** WORK TO COMPLETE **
Count the lines of the data that have the word "from", then report the number without anything else.

** Dataset excerpts **

━━━

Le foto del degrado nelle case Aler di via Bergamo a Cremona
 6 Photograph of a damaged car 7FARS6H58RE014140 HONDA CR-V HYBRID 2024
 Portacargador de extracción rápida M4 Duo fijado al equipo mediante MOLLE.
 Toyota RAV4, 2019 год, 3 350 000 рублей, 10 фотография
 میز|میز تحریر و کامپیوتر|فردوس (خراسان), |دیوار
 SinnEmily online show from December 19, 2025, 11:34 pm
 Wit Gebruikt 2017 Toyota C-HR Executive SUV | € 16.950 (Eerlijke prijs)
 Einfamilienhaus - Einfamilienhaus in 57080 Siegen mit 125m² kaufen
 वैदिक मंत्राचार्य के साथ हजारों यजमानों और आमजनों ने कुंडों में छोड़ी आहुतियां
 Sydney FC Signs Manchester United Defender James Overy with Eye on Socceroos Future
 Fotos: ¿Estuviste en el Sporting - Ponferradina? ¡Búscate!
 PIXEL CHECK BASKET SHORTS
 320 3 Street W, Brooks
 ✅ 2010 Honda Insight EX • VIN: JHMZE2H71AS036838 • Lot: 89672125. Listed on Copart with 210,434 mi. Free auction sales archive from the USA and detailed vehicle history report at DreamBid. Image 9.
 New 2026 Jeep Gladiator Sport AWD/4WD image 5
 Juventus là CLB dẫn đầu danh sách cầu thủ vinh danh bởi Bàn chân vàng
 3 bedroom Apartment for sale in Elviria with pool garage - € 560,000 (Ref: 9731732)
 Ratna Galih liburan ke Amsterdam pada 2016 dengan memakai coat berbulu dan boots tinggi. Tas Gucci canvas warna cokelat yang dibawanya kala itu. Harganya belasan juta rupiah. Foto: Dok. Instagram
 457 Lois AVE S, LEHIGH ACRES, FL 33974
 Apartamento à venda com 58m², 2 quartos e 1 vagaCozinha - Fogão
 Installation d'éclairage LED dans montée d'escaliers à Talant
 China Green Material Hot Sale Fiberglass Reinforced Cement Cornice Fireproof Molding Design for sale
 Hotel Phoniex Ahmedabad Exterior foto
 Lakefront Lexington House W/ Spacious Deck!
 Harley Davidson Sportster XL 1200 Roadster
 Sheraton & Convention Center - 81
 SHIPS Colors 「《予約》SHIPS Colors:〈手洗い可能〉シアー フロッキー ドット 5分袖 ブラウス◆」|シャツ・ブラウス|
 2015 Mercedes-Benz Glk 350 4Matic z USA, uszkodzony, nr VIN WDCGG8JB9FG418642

━━━

** WRITTEN ANSWER **
2